Every line from the start of the data through the line containing "Rad Onc Tables" should be retyped exactly; the pictures should not.

BEGIN Data in this exercise

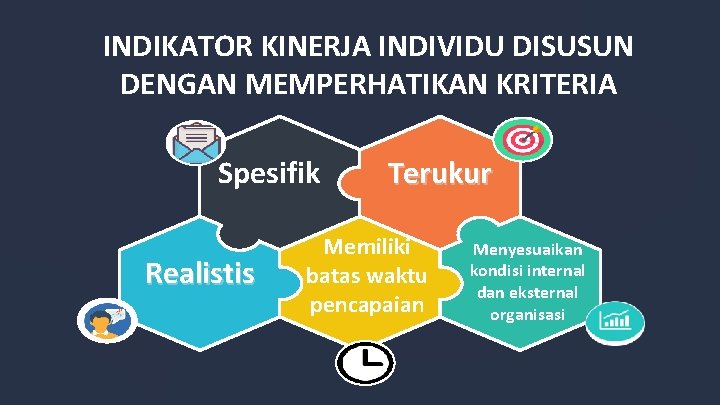 INDIKATOR KINERJA INDIVIDU DISUSUN DENGAN MEMPERHATIKAN KRITERIA Spesifik Realistis Terukur Memiliki batas waktu pencapaian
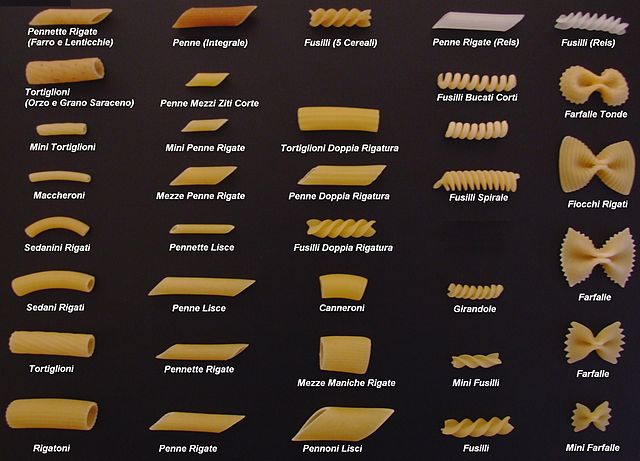 Different Types of Pasta Shapes and How They Look Like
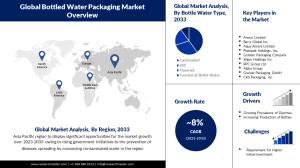 Bottled-Water-Packaging-Market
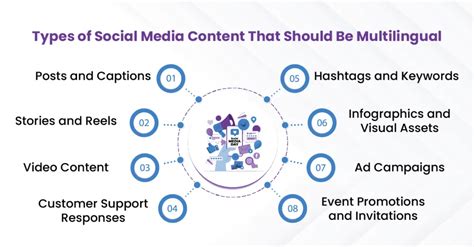 Master Multilingual Social Media & Connect Globally
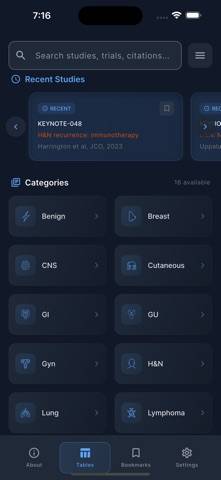 Rad Onc Tables
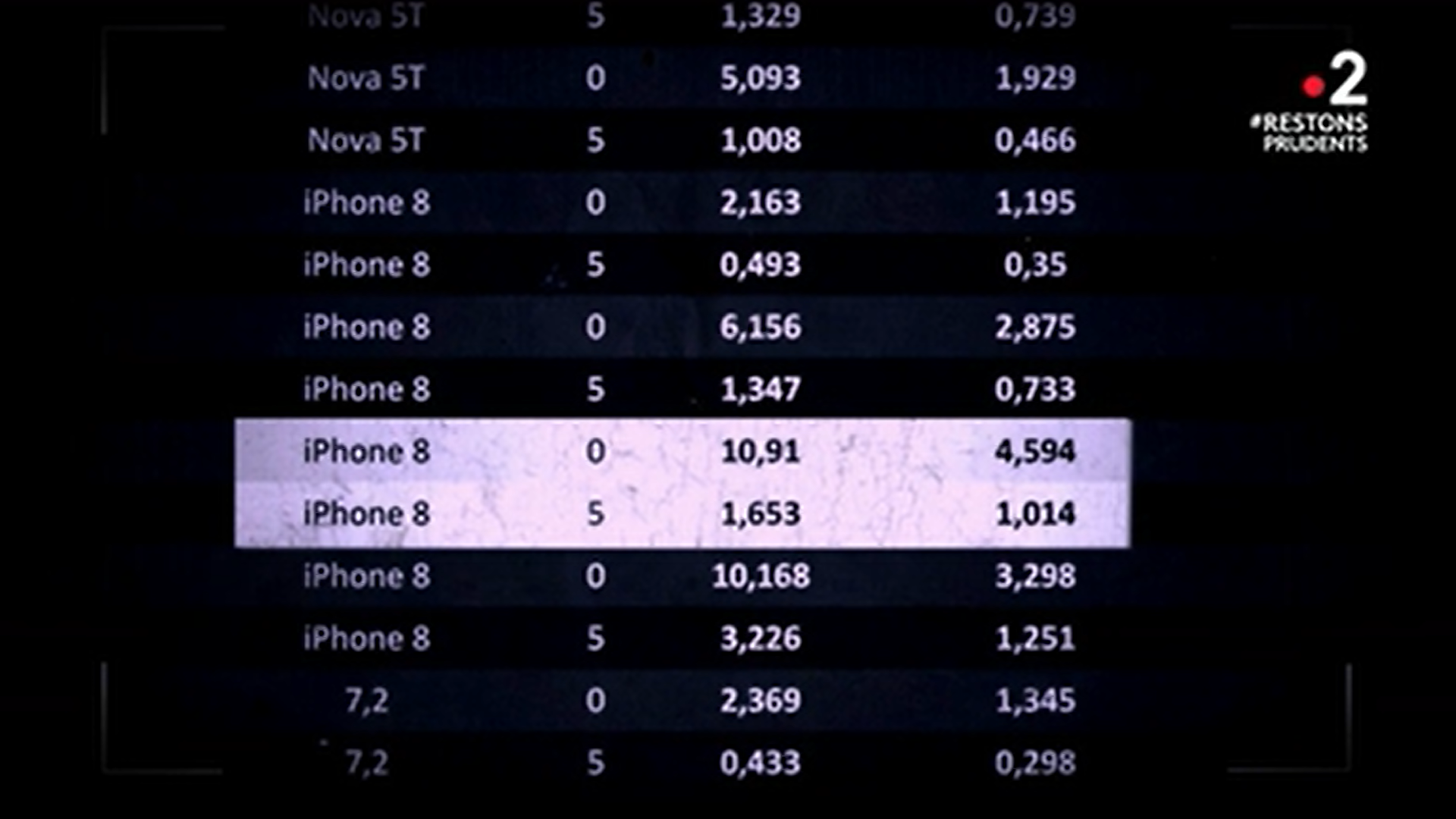 La première ligne surlignée porte sur une mesure à 0 mm, la seconde à 5 mm (Capture d'écran - France 2)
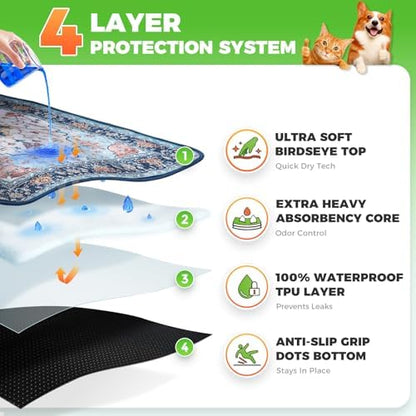 Hompet Cat Litter Mat 4 Pack, 18x28 Machine Washable Trapping Mats - Image 2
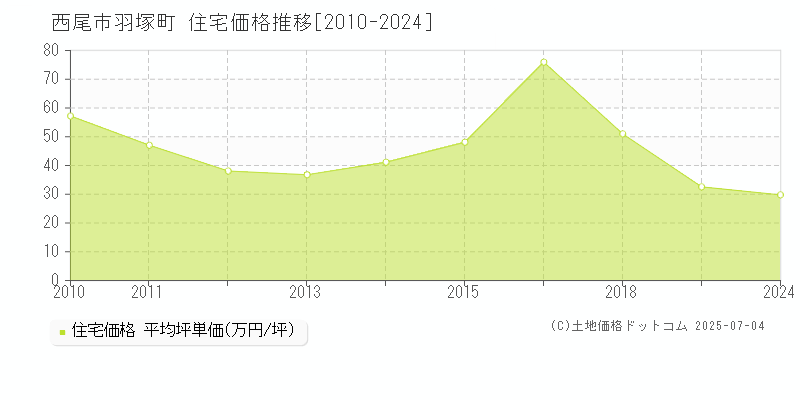 羽塚町(西尾市)の住宅価格推移グラフ(坪単価)[2010-2024年]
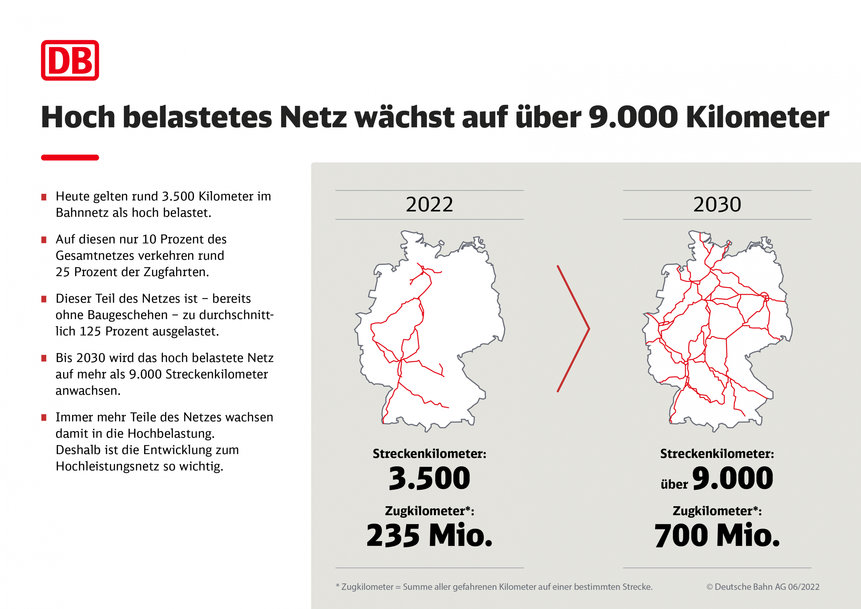 Bund und DB entwickeln Hochleistungsnetz für deutlich mehr Zuverlässigkeit und Wachstum auf der Schiene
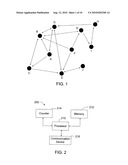 SYSTEMS AND METHODS FOR SPACE-TIME DETERMINATIONS WITH REDUCED NETWORK TRAFFIC diagram and image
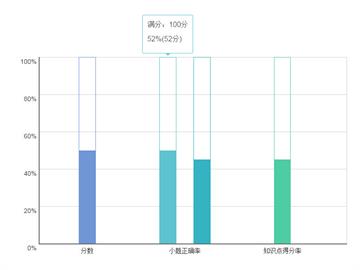 Bootstrap百分比混合柱形图表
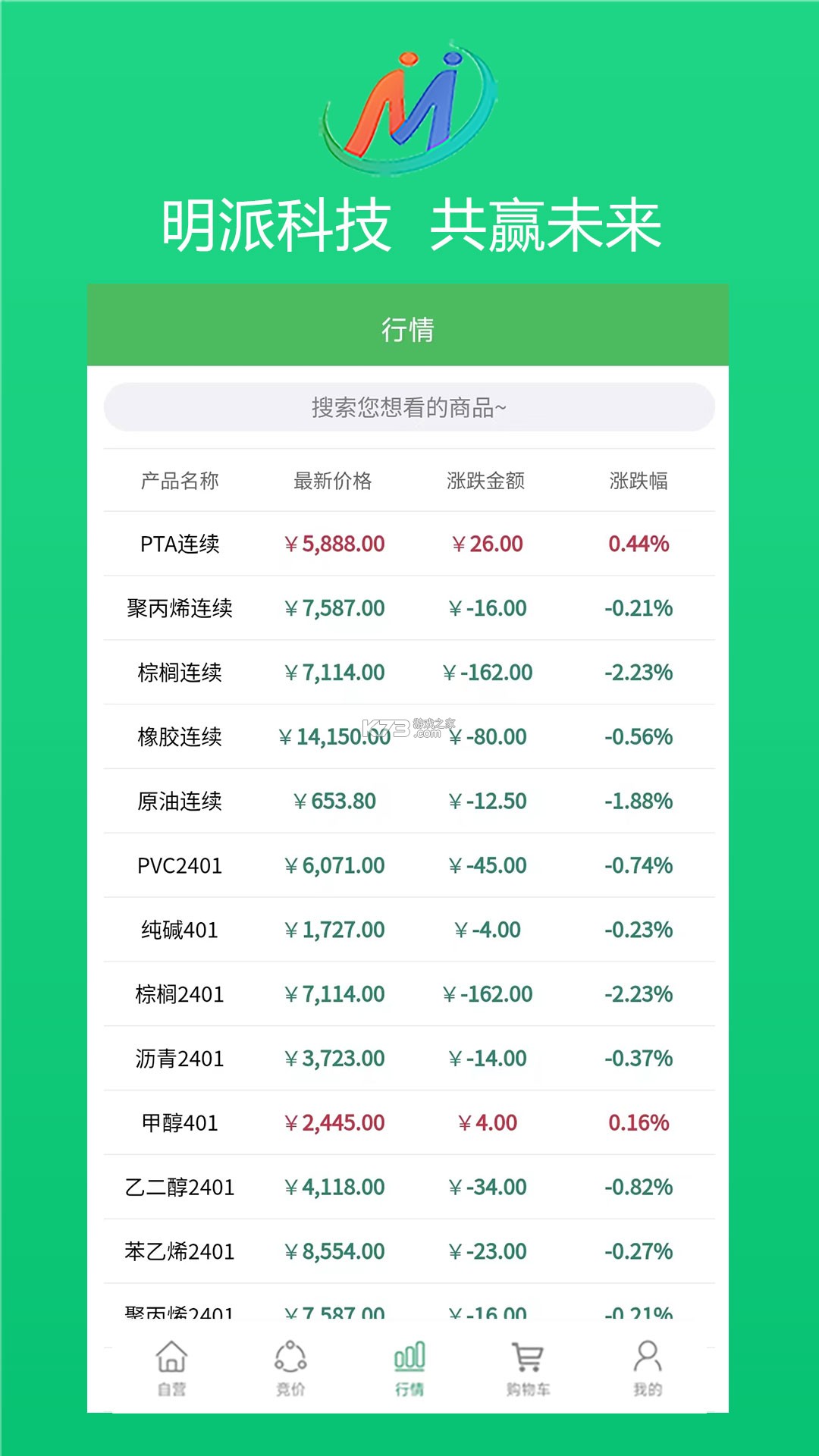 明派交易平台 v2.4.7 下载官方版 截图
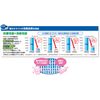 Dustman Maru 20 Sheets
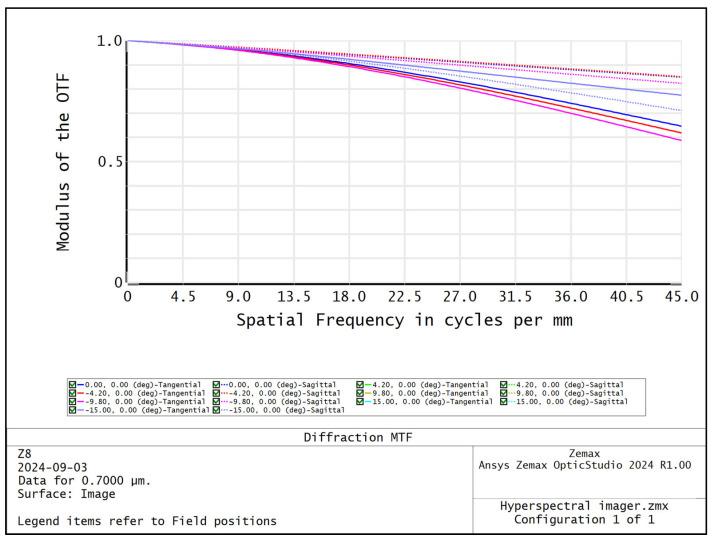 https://cdn.ncbi.nlm.nih.gov/pmc/blobs/2277/11397945/ad80344c8891/sensors-24-05812-g011.jpg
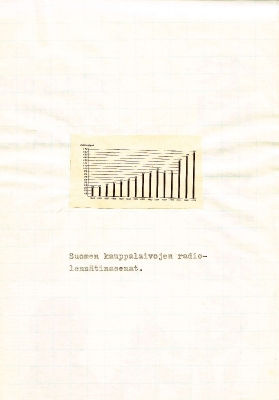 Suomen kauppalaivojen radiolennätinasemat 1925–1939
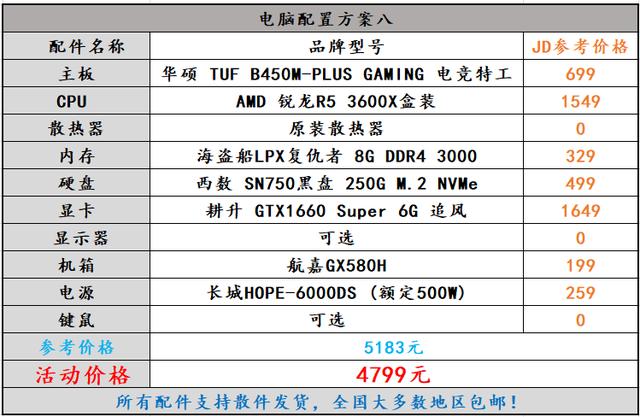 最新攒机方案，高效能电脑系统打造指南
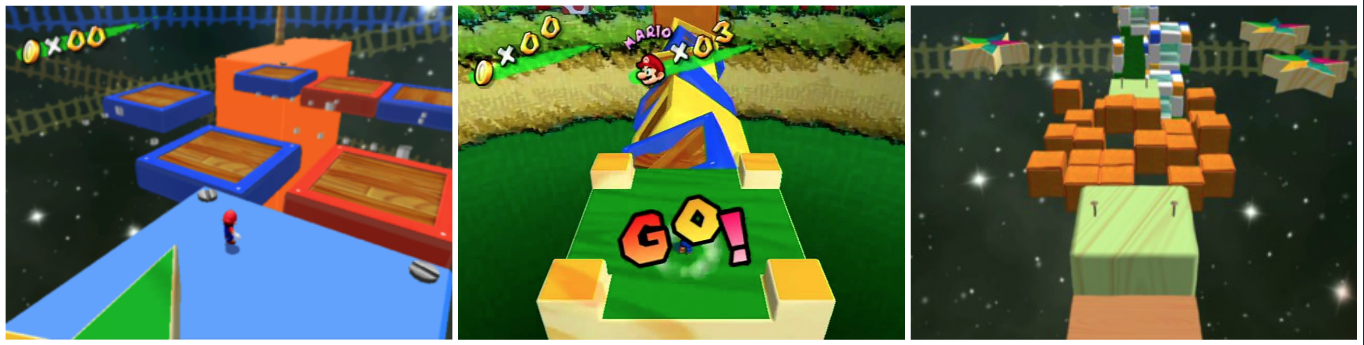 Secret-banorna i Super Mario Sunshine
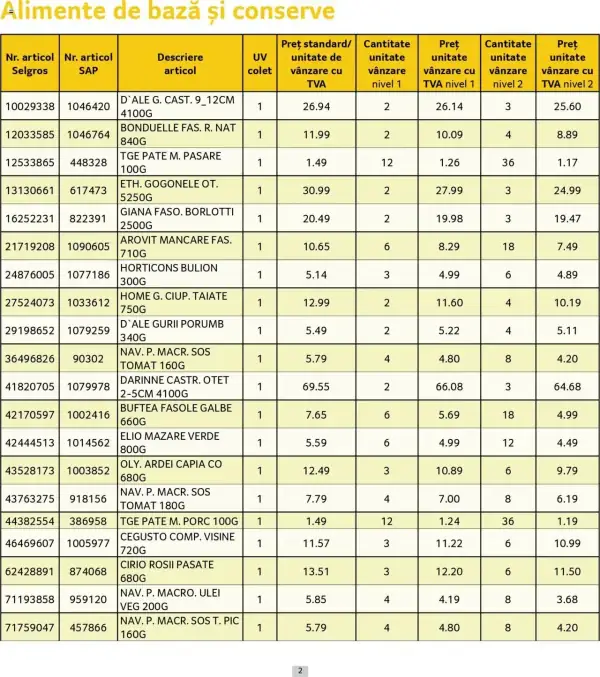 Cataloage Selgros: Ofertă actuală din 01.05.2025 - Prețuri Cascadă - 01-05-2025 - 31-05-2025.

END Data in this exercise

=== Written response ===
 INDIKATOR KINERJA INDIVIDU DISUSUN DENGAN MEMPERHATIKAN KRITERIA Spesifik Realistis Terukur Memiliki batas waktu pencapaian
 Different Types of Pasta Shapes and How They Look Like
 Bottled-Water-Packaging-Market
 Master Multilingual Social Media & Connect Globally
 Rad Onc Tables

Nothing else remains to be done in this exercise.